What the exercise asks:
Sift the material for lines containing "first", and return them.

Data extract:
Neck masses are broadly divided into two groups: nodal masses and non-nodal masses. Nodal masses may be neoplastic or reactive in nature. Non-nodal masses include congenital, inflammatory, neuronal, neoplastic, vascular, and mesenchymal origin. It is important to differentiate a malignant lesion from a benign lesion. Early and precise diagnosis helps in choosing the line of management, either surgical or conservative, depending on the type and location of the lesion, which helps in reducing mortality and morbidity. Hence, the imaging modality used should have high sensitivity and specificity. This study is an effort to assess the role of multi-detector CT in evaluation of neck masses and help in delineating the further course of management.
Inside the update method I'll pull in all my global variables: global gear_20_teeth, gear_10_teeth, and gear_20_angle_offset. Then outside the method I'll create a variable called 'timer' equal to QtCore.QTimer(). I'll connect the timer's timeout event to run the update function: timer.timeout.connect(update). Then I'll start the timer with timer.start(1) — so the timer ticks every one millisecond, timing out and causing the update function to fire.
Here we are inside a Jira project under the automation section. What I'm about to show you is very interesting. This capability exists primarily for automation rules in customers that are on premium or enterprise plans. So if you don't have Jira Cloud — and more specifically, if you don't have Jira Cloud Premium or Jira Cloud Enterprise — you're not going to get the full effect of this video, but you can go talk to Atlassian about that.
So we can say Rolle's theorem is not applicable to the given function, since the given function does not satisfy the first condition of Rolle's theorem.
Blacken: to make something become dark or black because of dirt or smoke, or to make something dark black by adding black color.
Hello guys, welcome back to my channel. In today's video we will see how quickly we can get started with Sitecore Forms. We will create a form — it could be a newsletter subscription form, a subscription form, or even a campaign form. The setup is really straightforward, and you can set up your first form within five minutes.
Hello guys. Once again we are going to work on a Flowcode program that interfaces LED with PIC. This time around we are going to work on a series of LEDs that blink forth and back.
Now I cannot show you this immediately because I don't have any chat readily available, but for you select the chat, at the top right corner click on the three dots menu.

Exercise output:
So we can say Rolle's theorem is not applicable to the given function, since the given function does not satisfy the first condition of Rolle's theorem.
Hello guys, welcome back to my channel. In today's video we will see how quickly we can get started with Sitecore Forms. We will create a form — it could be a newsletter subscription form, a subscription form, or even a campaign form. The setup is really straightforward, and you can set up your first form within five minutes.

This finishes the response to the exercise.